The next two days flew by. We spent most of the time playing Just Dance and Skyping with Kylie. Sophie and I went shopping, and found the boys stalking us through the mall. We spent the rest of the day in Hot Topic, because Sophie, Dalton, and I practically chained Cole to the wall. I had never spent so much money in one place before, but it was wonderful. I had an entirely new wardrobe, and I wasn't ashamed.
Sophie and I spent hours putting away all of my new clothes and hanging up posters and making my apartment awesome, while the boys watched TV and played games.
The last night, I felt like I was going to die inside. Sophie and Dalton had fallen asleep, and Cole and I took our nightly walk. We sat on the swings, holding hands in silence for a long time. I wanted to cry, but I couldn't cry. He was leaving in the morning. I had this sinking feeling that I wouldn't see him again, but I pushed it away, trying to focus on just being with him.

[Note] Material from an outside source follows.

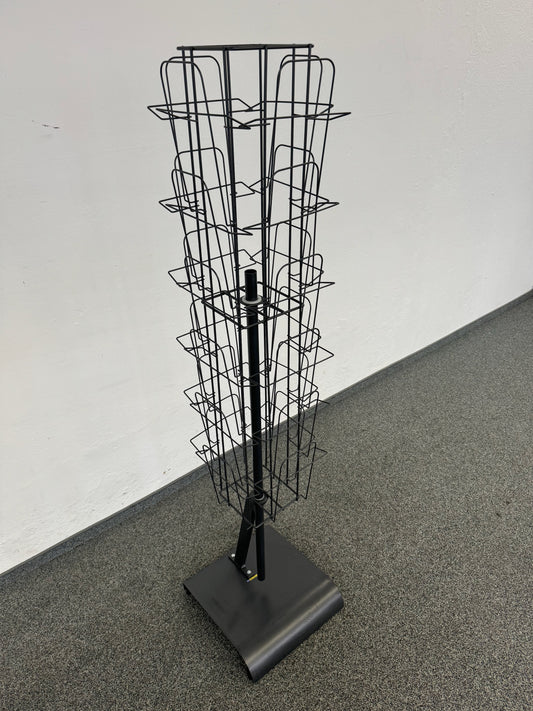 Top Design Prospekthalter mit 4 x 6 Ablagen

When it hit 1 in the morning, Cole and I stood up and walked in silence back to the apartment. Neither of us said much of anything as we crawled into bed, holding each other as tight as we could. I was facing him tonight, my head up under his chin. He was shaking as he held me, and I looked up at him with a sad smile. It felt like the airport all over again. I didn't want him to go. "I'll always be with you." I whispered to him softly, resting my hand on his leather bracelet, the twin to mine. He smiled back at me and kissed me softly before I fell asleep.
I woke up alone. I felt empty on the inside. The air mattress was deflated and back in the closet, everyone's stuff was gone. I wanted to cry. I was ready to wallow in my self hate when I heard someone in my kitchen. I instantly got my hopes up. Maybe they hadn't actually left yet.
I threw the door opened and screamed. It wasn't the boys or Sophie. It was someone better. "KYLS!" She screamed in return and we ran to each other, squeezing the life out of each other with a hug. I let go and felt the tears down my face. "How?! How are you here right now?!" Kylie simply grinned at me.
"Well. I got a Skype call from a certain someone last night while you were sleeping. My flight just got in half an hour ago." I looked behind her to see multiple suitcases. "Guess who just moved in, bitch!" I couldn't believe it. I had no idea how her parents had agreed to it, but I didn't question it at all. I pulled her into another hug and happy cried. "Oh! Girl! We have stuff to do tonight!" She pulled out a flyer, and I frowned. Cole hadn't told me about a City Walk show tonight. I shrugged it off as my phone rang. I grinned as I answered it.
"You like your present?" He hadn't even let me say hello. Typical Cole.
"Cole, you're the best, you know that?" He just chuckled.
"Oh yeah, I know. So, you coming to the show tonight?" Aha! There it was! It must have just slipped his mind. I smirked, though.
"Actually, Kylie and I have things to do tonight, so we won't be able to make it." I could almost hear him pout as I winked at Kylie.
"Well then. I left you another present in your closet. So you won't feel lonely when I'm not around. I gotta go now, rehersal and stuff." We said our goodbyes and I ran to my closet. butterflies filled my stomach when I saw what was hanging on the back of the door. I recognized it at once. His blazer. The blazer that Cole wore in all of his shows. Well, he would get a treat when I showed up wearing that.
"Girl! We going to City Walk tonight! First thing's first. I actually do have things to do. xD. But at least I get to finally do something with the spare room! There's a closet and everything. So set yourself up, I'll be back in an hour or so." I put on my most professional outfit that still had my rock flare before I left the apartment, heading down to XIX. I had an interview today to hopefully get myself signed. It helped knowing some of the boys from IM5, and having had sang with them on stage more than once.